Under the new policy of forward guidance the BoE will periodically promise to keep interest rates at a particular level.
As such the MPC confirmed that it intends to keep interest levels at the current level of 0.5% until unemployment drops below 7%.
The MPC also said that it stands ready to undertake further asset purchases while the unemployment rate remains above 7% if it judges that additional monetary stimulus is warranted.
Ben Thompson, managing director of Legal & General Mortgage Club, said: “Providing this degree of certainty with regard to interest levels will in some ways help businesses and consumers to plan with more confidence however although some might argue this is the death knell for fixed mortgage rates, there are strong arguments to suggest this is not the case.
“Notwithstanding today’s announcement, there is only so far out that one can forecast interest rate levels accurately.
“Many mortgage borrowers buy fixed rates and typically pay a slight premium for doing so, as these products enable them to budget monthly with the full knowledge that during the fixed rate term, rates won’t rise.
“There are no caveats or get-outs in these terms, if a mortgage rate is fixed for 5-years, it is fixed for 5-years.
“Making a commitment like buying a first home, or moving into an expensive new home requires a level of comfort and confidence that longer term fixed mortgage rates can provide.

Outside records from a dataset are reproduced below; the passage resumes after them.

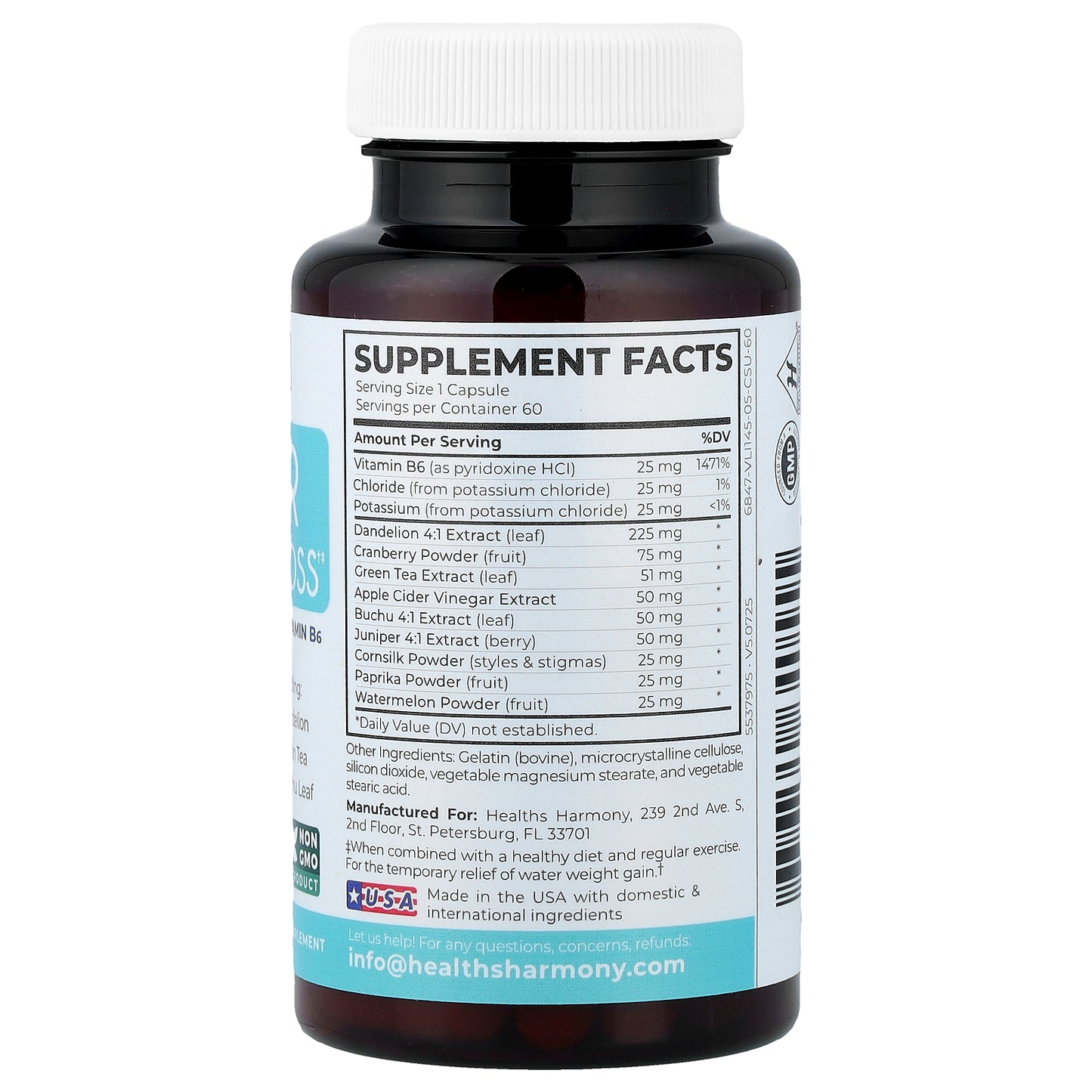 Healths Harmony, Water Weight Loss, 60 Capsules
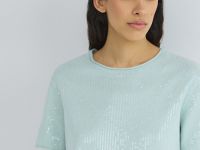 Джемпер с пайетками и коротким рукавом, Зеленый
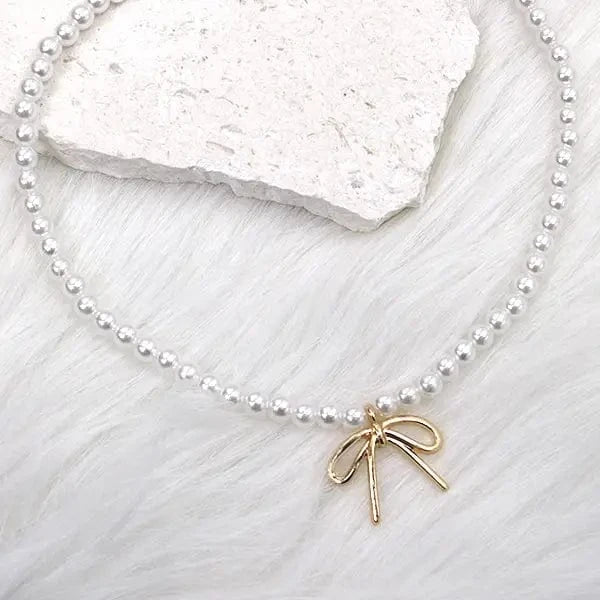 Pearl Chain Bow Charm Necklace In Gold - Infinity Raine
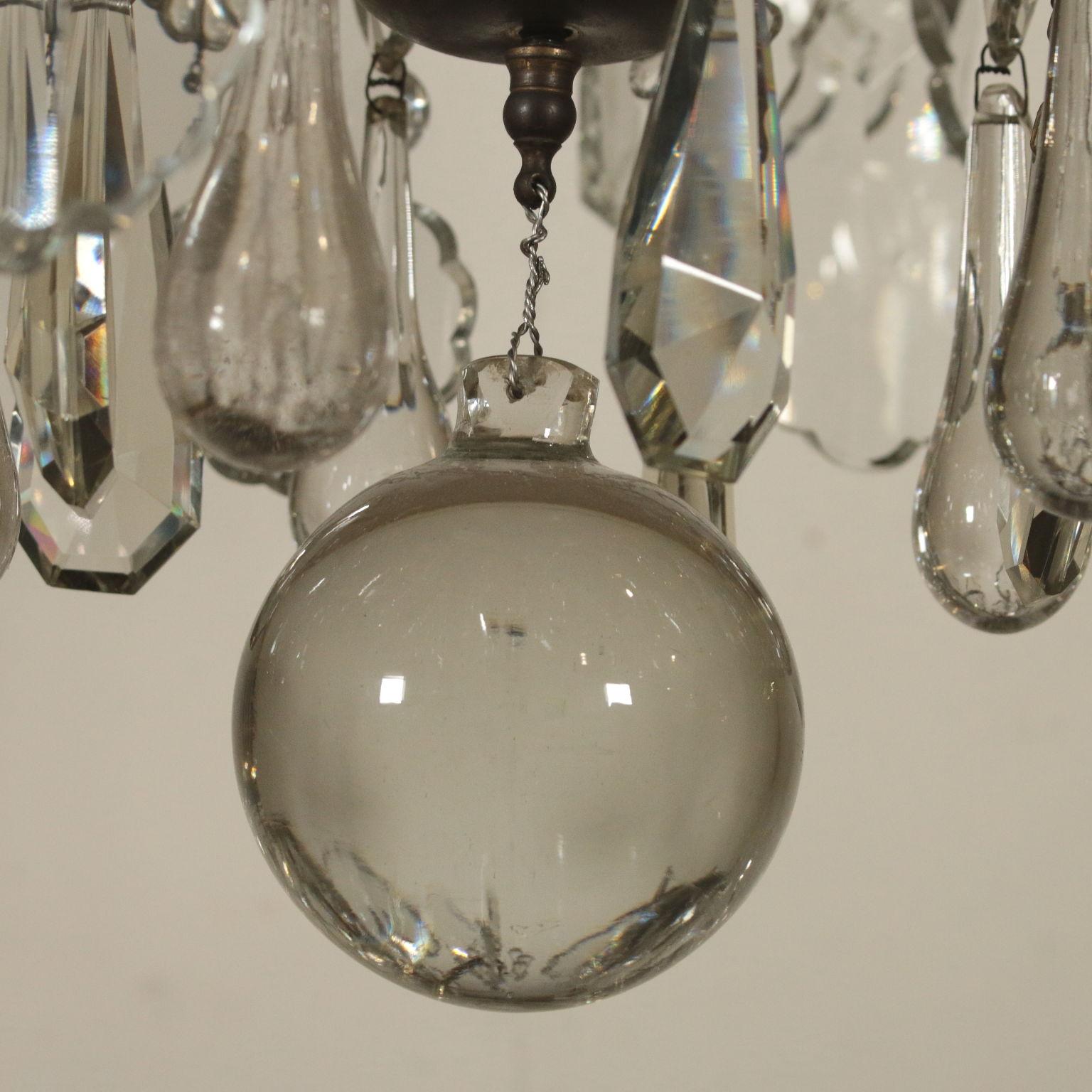 Burnished Large Chandelier Crystal Pendants Italy, Early 1900s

The Bank cannot give guarantees over anything like this timeframe.”
As such Thompson said that it’s highly unlikely that borrowers will change their buying habits based on the forward guidance on rates but it could make the market more predictable.
He said: “This new measure should however remove some knee-jerk volatility from markets and stop them running ahead of themselves, meaning that sudden interest rate and borrowing spikes ought to be a thing of the past, barring highly extreme market conditions.
“That landscape should inspire more consumer confidence, but not the death of the fixed rate mortgage.”
Peter Rollings, CEO of estate agent Marsh & Parsons, added: “With his statement today Mark Carney has given the UK’s housing market a significant boost.
"The London market, in particular, is presently underpinned by rising positive sentiment due in part to the Government’s Funding for Lending Scheme and the Help to Buy initiatives as well as strong demand from home and abroad.
"Growth in the country’s GDP, reduction in unemployment and a feeling that we are finally out of the economic badlands means that the market can now be assured of certainty as far as interest rates are concerned.
“This is a highly important statement which will allow lenders to offer attractive fixed rate deals to potential buyers and will surely lead to greater demand and activity in both the resale market and provide a fillip for first time buyers.
"The Governor is implicitly saying interest rates will not rise until ¾ million more people are in work. This will give the market across the UK much welcome stability.”
And Charles Haresnape, residential mortgages managing director at Aldermore, said: “Today’s announcement is welcome news for homeowners, providing some much-needed guidance from the Bank on where rates are going.
“Whilst nothing is ever certain in today’s economic climate, given forecasts suggest it will be 2016 at the earliest before rates rise, homeowners will be looking more closely at longer-term fixes or to choose a tracker for the foreseeable future.”